# Christmas in March - Better Late Than Never



## MarinaGirl (Mar 25, 2012)

On Nov 29, 2013 I went down to Emmie's dog training studio for a 30 minute session with a photographer that was shooting holiday pics. Long story short, I never received the electronic images I purchased. For months, I called, sent emails, and never got a response back. Someone shared that right after the photo shoot one of the photog's parents died in a tragic house fire, but I was never given any other updates (via phone or email). Anyways, I attended the Seattle Kennel Club Dog Show last weekend and ran into the photographer and asked him where my pictures were. (And while I was standing there someone else said their emails and phone calls weren't returned either.) Well, he finally sent them to me yesterday so now in March 2014 I have a bunch of Christmas photos of my almost 2 yr old puppy.

Enjoy!
Jeanne


----------



## MarinaGirl (Mar 25, 2012)

More cute holiday photos of Emmie!

-Jeanne-


----------



## MarinaGirl (Mar 25, 2012)

I'm not a fan of the pictures with me in them as I wasn't planning to be photographed that day, so I had no makeup on, my hair was a mess and just put back in a clip, and I wasn't dressed fancy. But that being said, I love Emmie's interaction with me; she's such a loving little Hav, I'm so blessed. 

-Jeanne-


----------



## Pucks104 (Aug 16, 2012)

Great pictures! Glad you were finally able to get hold of them.


----------



## shimpli (Mar 24, 2010)

Awww adorable. Love the pics. She is beautiful!


----------



## whimsy (Apr 3, 2010)

wow...they are just beautiful!! You look good without make-up, wait till your my age and make-up doesn't even help LOL


----------



## gelbergirl (Jun 9, 2007)

Really Beautiful Magical Pictures!


----------



## jabojenny (Sep 18, 2011)

Those pictures are great. It's very hard to photograph a black dog and the lighting really shows off the highlights in her eyes. You sure had a lot of wardrobe changes. That picture of her giving you kisses, or telling you a secret LOL, is really cute. Great job!


----------



## ox3pxo (Sep 29, 2012)

Love them!


----------



## sandypaws (Aug 8, 2012)

Great photos. They were certainly worth waiting for. The photographer did a great job with a black dog but, then again, they're in the business. They are beautiful.

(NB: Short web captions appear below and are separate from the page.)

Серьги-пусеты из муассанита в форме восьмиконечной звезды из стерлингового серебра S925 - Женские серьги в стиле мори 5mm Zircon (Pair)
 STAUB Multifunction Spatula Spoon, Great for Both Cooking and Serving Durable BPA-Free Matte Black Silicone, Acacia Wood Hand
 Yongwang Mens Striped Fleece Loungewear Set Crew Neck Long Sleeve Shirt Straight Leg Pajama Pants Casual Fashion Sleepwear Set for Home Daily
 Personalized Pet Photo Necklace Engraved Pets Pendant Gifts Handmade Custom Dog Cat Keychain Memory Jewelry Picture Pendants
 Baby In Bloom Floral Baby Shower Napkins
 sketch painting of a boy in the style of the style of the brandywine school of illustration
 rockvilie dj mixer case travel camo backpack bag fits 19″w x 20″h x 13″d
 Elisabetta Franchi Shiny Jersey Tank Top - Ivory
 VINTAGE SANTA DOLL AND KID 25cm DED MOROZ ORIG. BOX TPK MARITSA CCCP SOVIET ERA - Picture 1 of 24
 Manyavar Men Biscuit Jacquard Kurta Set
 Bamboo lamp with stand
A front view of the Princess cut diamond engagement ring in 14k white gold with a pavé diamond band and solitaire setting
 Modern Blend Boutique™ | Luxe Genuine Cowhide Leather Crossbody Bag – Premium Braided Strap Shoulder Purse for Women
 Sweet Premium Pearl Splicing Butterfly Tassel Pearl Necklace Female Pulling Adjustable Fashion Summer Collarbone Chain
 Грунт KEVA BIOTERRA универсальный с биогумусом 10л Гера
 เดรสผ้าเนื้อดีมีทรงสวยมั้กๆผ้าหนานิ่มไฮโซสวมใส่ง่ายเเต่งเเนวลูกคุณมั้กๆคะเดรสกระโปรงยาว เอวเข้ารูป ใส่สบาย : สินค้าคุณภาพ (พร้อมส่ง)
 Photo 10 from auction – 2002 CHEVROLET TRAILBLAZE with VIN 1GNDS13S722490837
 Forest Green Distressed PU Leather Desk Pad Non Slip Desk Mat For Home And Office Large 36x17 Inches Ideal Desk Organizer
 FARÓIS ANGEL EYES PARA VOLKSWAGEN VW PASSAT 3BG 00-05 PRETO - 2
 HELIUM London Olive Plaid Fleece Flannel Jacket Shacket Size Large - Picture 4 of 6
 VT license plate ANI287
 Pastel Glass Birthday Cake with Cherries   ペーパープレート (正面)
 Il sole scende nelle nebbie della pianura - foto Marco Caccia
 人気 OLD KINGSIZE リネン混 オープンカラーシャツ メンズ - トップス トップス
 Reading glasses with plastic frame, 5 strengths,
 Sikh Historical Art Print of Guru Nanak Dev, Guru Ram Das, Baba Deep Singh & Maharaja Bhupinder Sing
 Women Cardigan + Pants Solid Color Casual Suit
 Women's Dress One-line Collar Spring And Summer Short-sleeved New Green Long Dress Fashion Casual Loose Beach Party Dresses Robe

Enjoy them.


----------



## Ditto's Mom (Apr 29, 2007)

Just beautiful- great photography and gorgeous subjects!


----------



## krandall (Jun 11, 2009)

MarinaGirl said:


> I'm not a fan of the pictures with me in them as I wasn't planning to be photographed that day, so I had no makeup on, my hair was a mess and just put back in a clip, and I wasn't dressed fancy. But that being said, I love Emmie's interaction with me; she's such a loving little Hav, I'm so blessed.
> 
> -Jeanne-


Hey, girl, if I looked like you, I would NOT be worrying about make-up!  The photos are lovely. Now you're all set for your Christmas cards for NEXT year!


----------



## MarinaGirl (Mar 25, 2012)

Thank you everyone for your super NICE words about me and my crazy tom boy puppy, Emmie! She was a great sport with the dress and sweaters, but can you say spoiled?! She's a character and I love her to bits. I'm happy to have photos that turned out well because I rarely get good pics of her myself. 

-Jeanne-


----------



## Lillysmom (Oct 9, 2012)

Awesome photos!


----------



## RickR (Feb 15, 2007)

Great photos. Love them all.


----------



## Ruth4Havs (May 13, 2013)

Awesome pictures! Love the last two!


----------



## Celesthav (Mar 20, 2013)

Beautiful photos! They're all great but my fav is Emmie kissing you. It's so precious. Great pics for this years Christmas card.
Thanks for sharing!
Jeanne


----------



## Zelda.Havanese (Oct 21, 2013)

You both look wonderful in your photos!


----------



## Den&Barb (Dec 6, 2013)

Since it was Christmas, here's a present. A retouching of the image.


----------



## emichel (May 3, 2012)

whimsy said:


> wow...they are just beautiful!! You look good without make-up, wait till your my age and make-up doesn't even help LOL


That was really funny, Evelyn! ound:

Jeanne, the pictures of Emmie are great, and you look cute, too. You do not need to Photoshop yourself, girl!


----------



## DawnH (Jan 21, 2014)

Great pictures! She's adorable and you look great without makeup! I love the one taken head on where she's laying down...she looks like she's thinking can we just get this over with, Mom?


----------



## Celesthav (Mar 20, 2013)

Den&Barb said:


> Since it was Christmas, here's a present. A retouching of the image.


Den, 
What a wonderful gift! 
Jeanne


----------



## Atticus (May 17, 2011)

Well worth the wait!!!!!!
Is this the same dog that had a really terrible haircut in the past? I seem to remember an Emmy with the worst cut ever! Maybe it wasn't you but if it was it would sure give those people crying over their bad clips hope!What a sweetie!


----------



## MarinaGirl (Mar 25, 2012)

You guys are all so great! Thank you for your compliments and telling me how pretty Emmie is....I'm a proud mama! When I went down for her photo shoot, I was running late, just put my hair back in a quick ponytail and threw on some clothes. Most days, I spend more time getting Emmie ready than myself. LOL

Den&Barb - the Photoshopped image you did is cool - it's fun to see a picture of me all dolled up.  

Here are a couple of photos of Emmie with a bad haircut; I was so shocked (and upset) when I picked her up from the groomer because I didn't expect her to be totally shaved down. Thankfully, her hair has grown out - I haven't cut it in over a year.

-Jeanne-


----------